And with so much less media saturation, we're into it for months. There is no Youtube to watch our favourite scenes over and over again, and most people even didn't have a video player yet - and it takes years before ROTJ is available on tape - so printed material like magazines and trading cards were the only way to relive the fun.
So when I finally, after weeks of trading and searching, I find card #47 in a pack bought from May's Bakery (who still make the best pepper-bomb pie on the planet), I know I've nailed it. I can ditch all the excess double-ups I have for a #1, which is exactly what I do with my mate Phil later that week, and then I've got the whole lot, and it's the best feeling in the whole world. When it comes to geek shit, nothing really comes close to that feeling again.

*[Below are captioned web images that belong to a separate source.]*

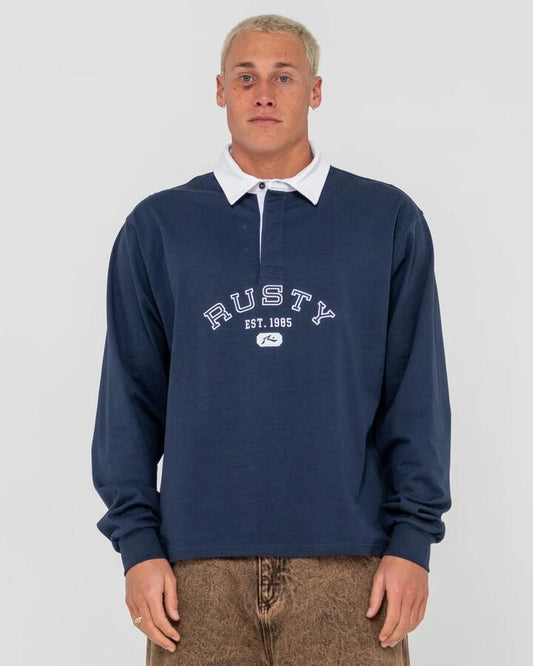 Image of a model wearing Tops. Productname: Rusty - Mens Harvard Rugby Long Sleeve Polo Shirt - Navy Blue - in Navy Blue colour by brand - Rusty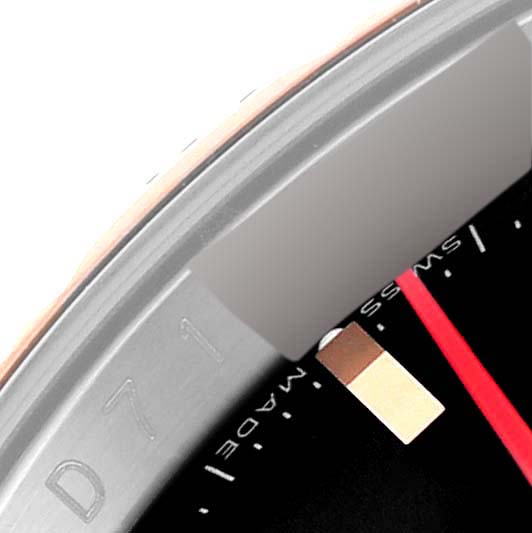 This close-up image of a Rolex Turn-o-Graph 116261 Men's Steel and Gold (two tone) Black Dial 116261 Men's Steel and Gold (two tone) Black Dial model shows a portion of the bezel, dial, and red second hand.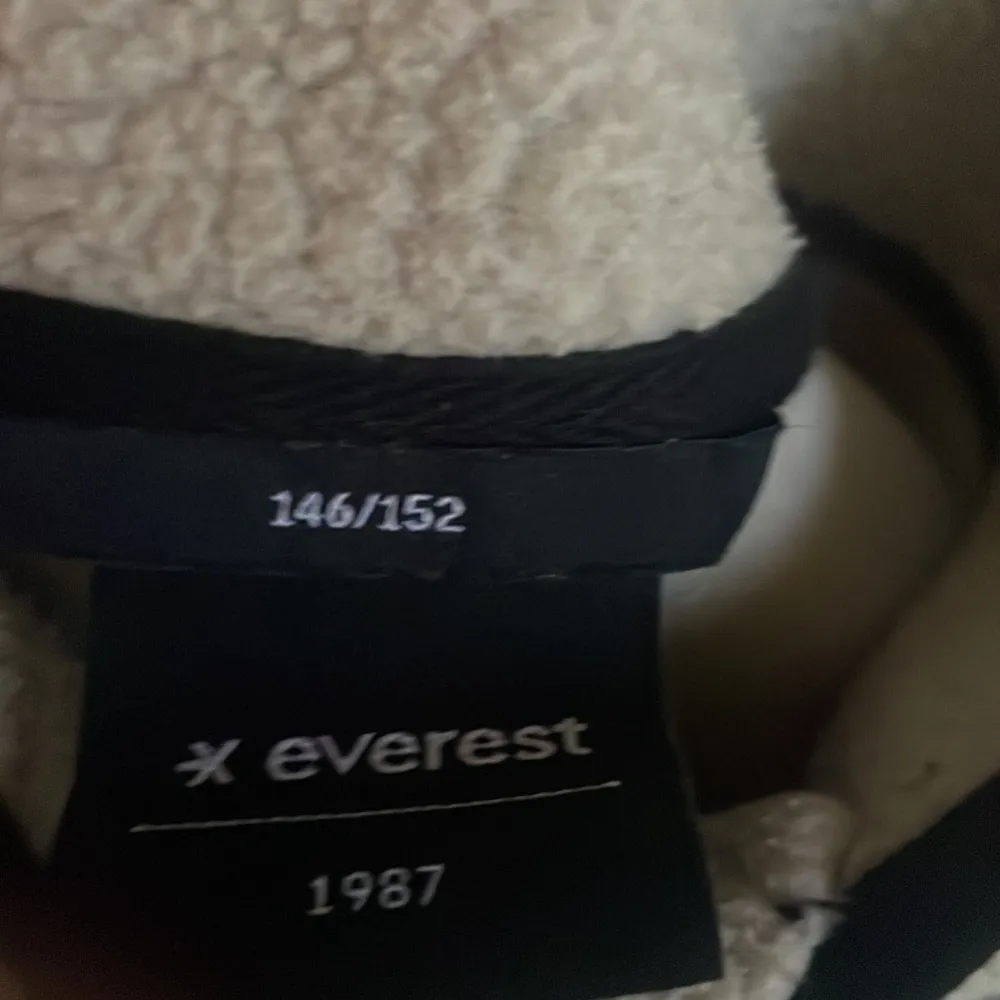 Säljer en supermysig beige fleecejacka från Everest. Den har en dragkedja framtill och svarta detaljer som ger en snygg kontrast. Perfekt för kyliga dagar och passar både till vardags och utomhusaktiviteter. Jackan har en praktisk bröstficka och två sidofickor.. Takit.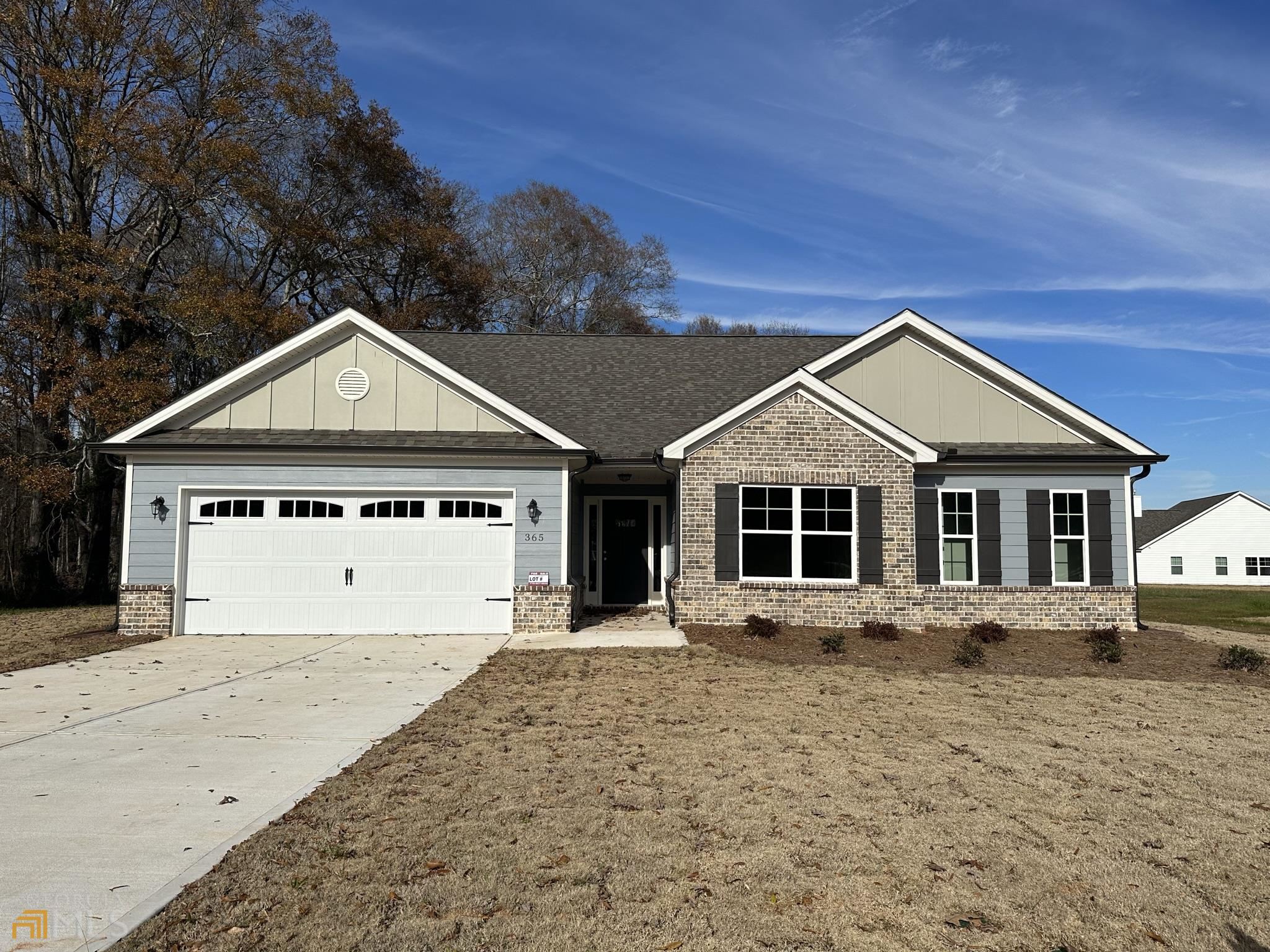 365 Finch Landing Road, Unit 19 Winder, GA 30680 - Photo 1 of 1 a front view of a house with a yard and garage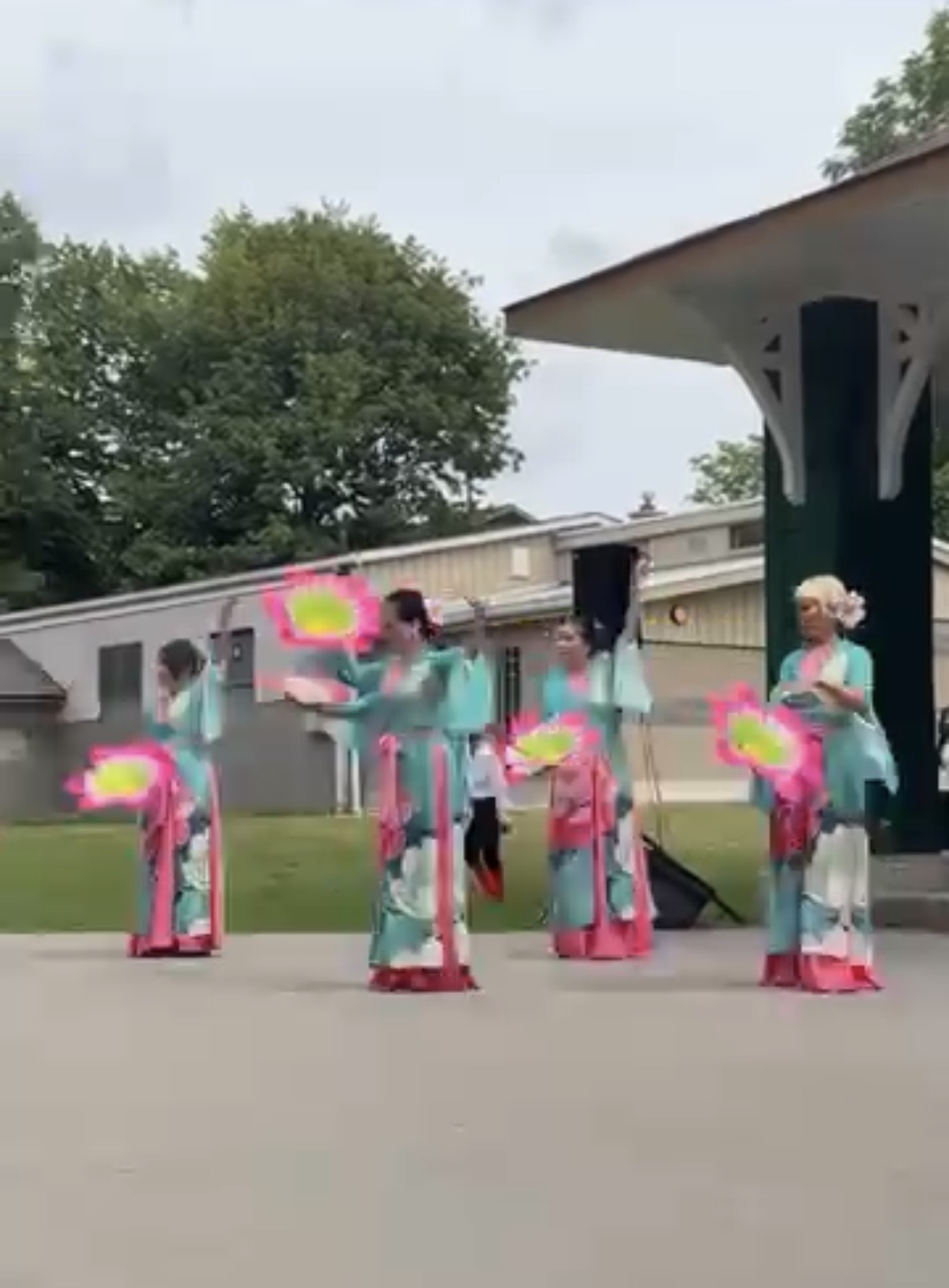 Fan dance performance in teal and pink costumes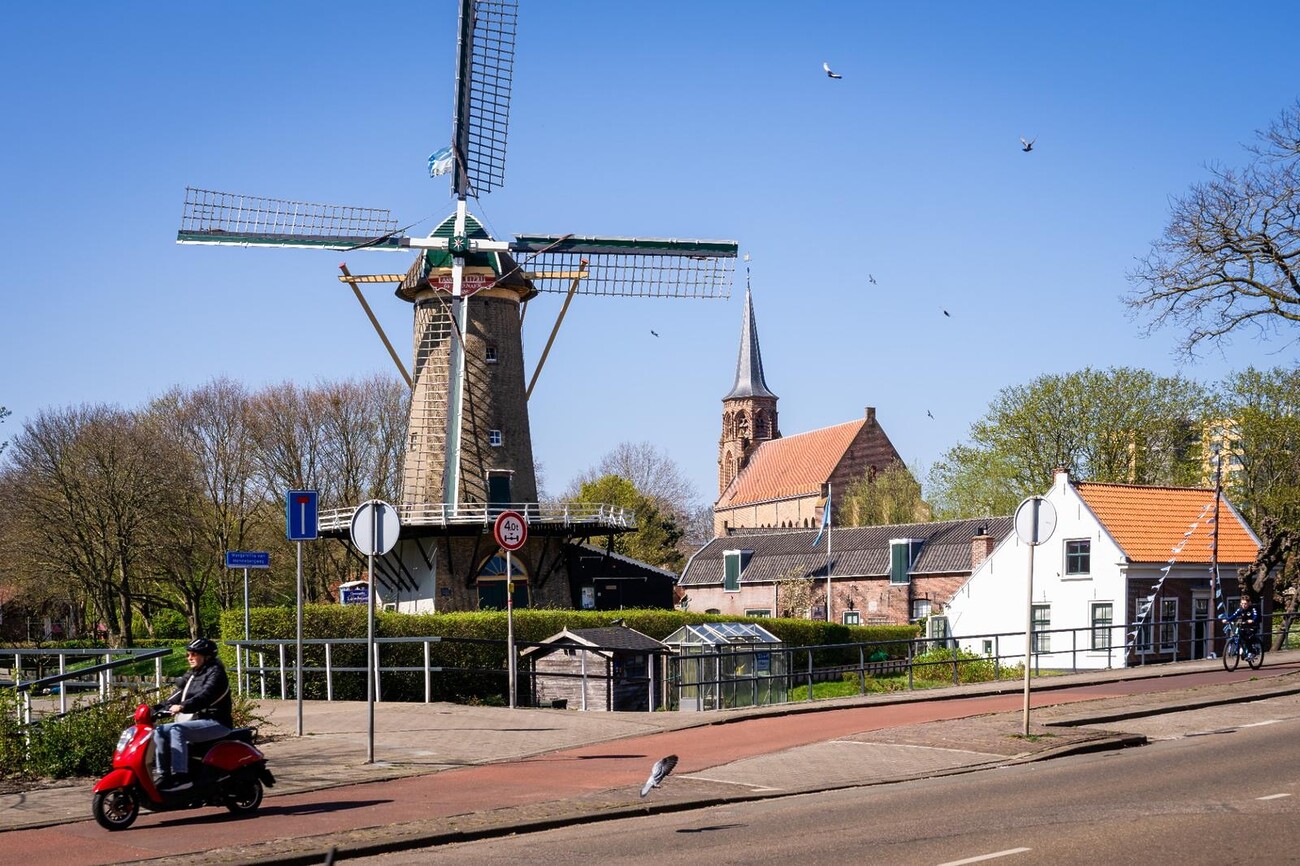 Windmolen naast een oude kerk. Rode scooter rijdt voorbij. Blauwe lucht en vogels in de lucht.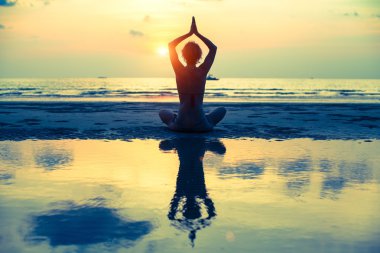 Lotus poz sahilde oturup yoga kadın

Even before the ROTJ-mania, there were other trading cards, I had bits and pieces, usually inherited from cool uncles. I had a surprising amount of the very first Star wars cards, and random samplings from the Superman and King King films.
(I never got to see that 70s Kong, and when I did it was crushingly disappointing, because the art in the cards usually featured the extraordinary pre-production art, not the clumsy reality.)
Due to the fact I was only 2 years old when those cards came out, I never had a chance of getting a complete set from those films. So when Jedi rolled around, and it was possible to actually get the whole lot, it became a major obsession. I can still taste the thrill of it in the back of my mouth, although that might just be that bloody bubble gum again.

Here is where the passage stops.